Thought **Functors** still have their limitations. By its definition, **Functor** is unable to chain computations. What is more, **Functor** does not provide a way to flatten the result of performed operations, so we can easily end up with nested types like <List<List<Long>>.

However, the possibility of performing effectfull operations without moving them out of the context is quite a good thing.

### Applicative

Going further, we have an **Applicative** with which we can **apply** functions in context to a value with context.

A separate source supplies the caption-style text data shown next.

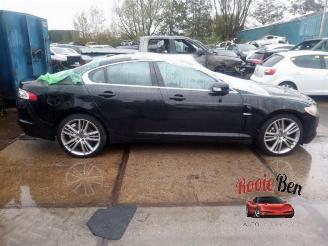 Jaguar XF XF (CC9), Sedan, 2008 / 2015 3.0 V6 24V picture 13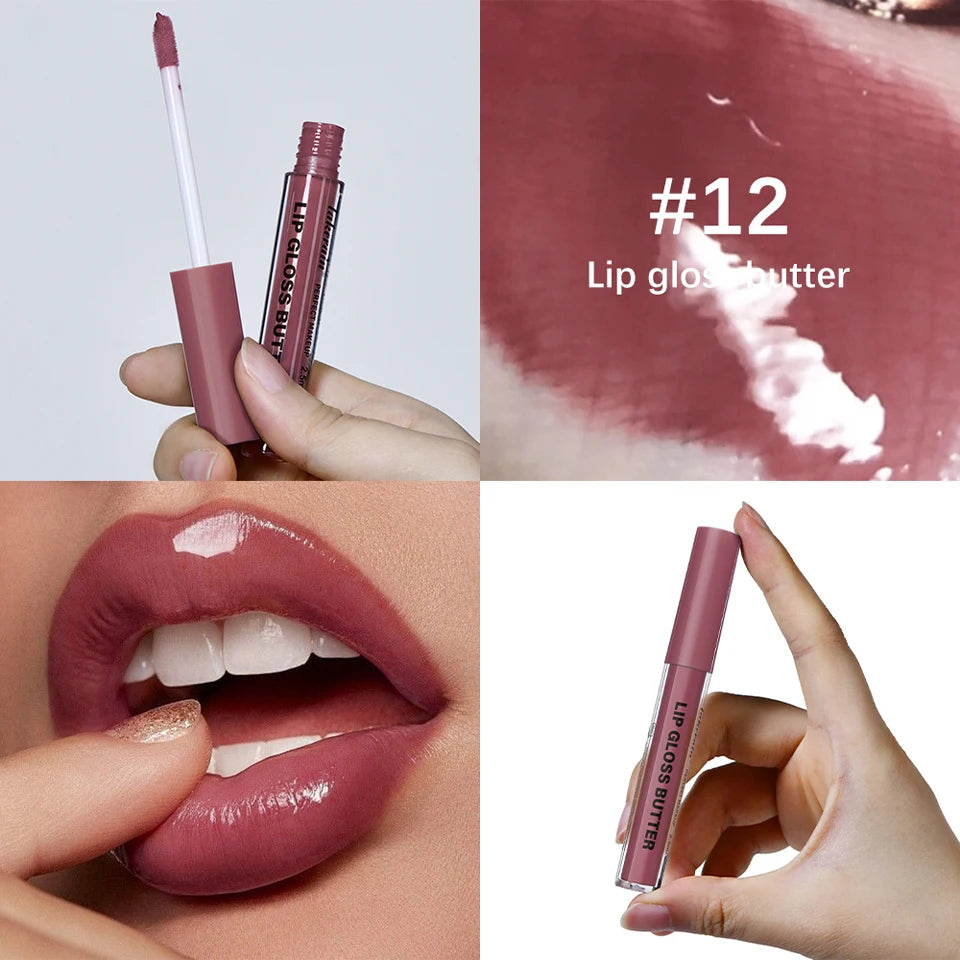 Moisturizing Mirror Finish Lip Gloss - 19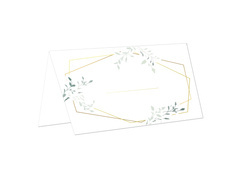 Hajtogatott matricák - 10 darab.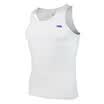 NBA Vest Men&39s Pure Color Elastic Cotton Tight Soft Soft Basketball Sports Vest White XXL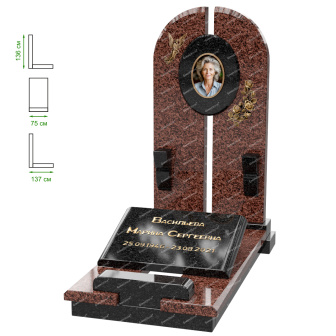 Купить Эксклюзивный памятник K-13-2 в Минске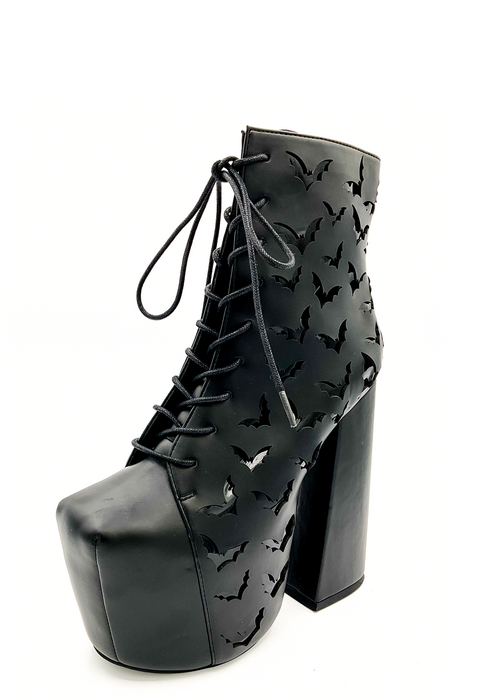 Bat Country Platform Boot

Additionally, with its **product** version, we can create a tuple out of two objects within the same context.

Such behavior can be extremely useful in some cases – we can use it to compose multiple effects to one effect, reducing types like List<Future> to more reasonable Future<List>.

That is the reason why **Applicatives** are a great choice for implementing concepts like **parsers**, **traversables,** or** composers** and any other use case where we need to work with many independent effects of the same type.

What is more, because the **Applicative** is a** Functor** we can also apply some operations on such output tuples via the **map** method.

### Monad

Last but not least, we have **Monad** – the most powerful of all three structures.

Each Monad implementation represents an effect:

- emptiness (Option)
- possible failure (Try)
- result or failure of an operation (Either)
- chain of computations (IO)

What is more, Monad gives us the way to put values in such an effectfull context.

Furthermore, thanks to the **flatMap** method, we can handle nested return types. This in turn solves the issues with M<M<T>> styled types (Optional<Optional<Long>).

**Monad** implementation will automatically flatten such types to have only one effect – an operation that the **map** method from **Functor** is unable to make by its definition.

Additionally, with **Monads,** we can perform contextual operations as we can pass outputs of one operation as inputs to another achieving a nice, declarative chain of computations.

## Summary

Functional containers are a very useful tool that can be applied to a variety of problems. In my opinion, we should find them a place in our engineering toolbox or at least be aware of them. Just please remember that they are not a silver bullet, and making everything a **Monad** may not be the best way to write your code.

If you would like to deepen your knowledge of a particular container, here is the list with my articles describing all three of them in more detail.

As a side note, I would like to add that these containers add another nice touch of math to the world of software engineering, which is another good point to like them, at least in my opinion.

Hope that you find my text interesting. Thank you for your time.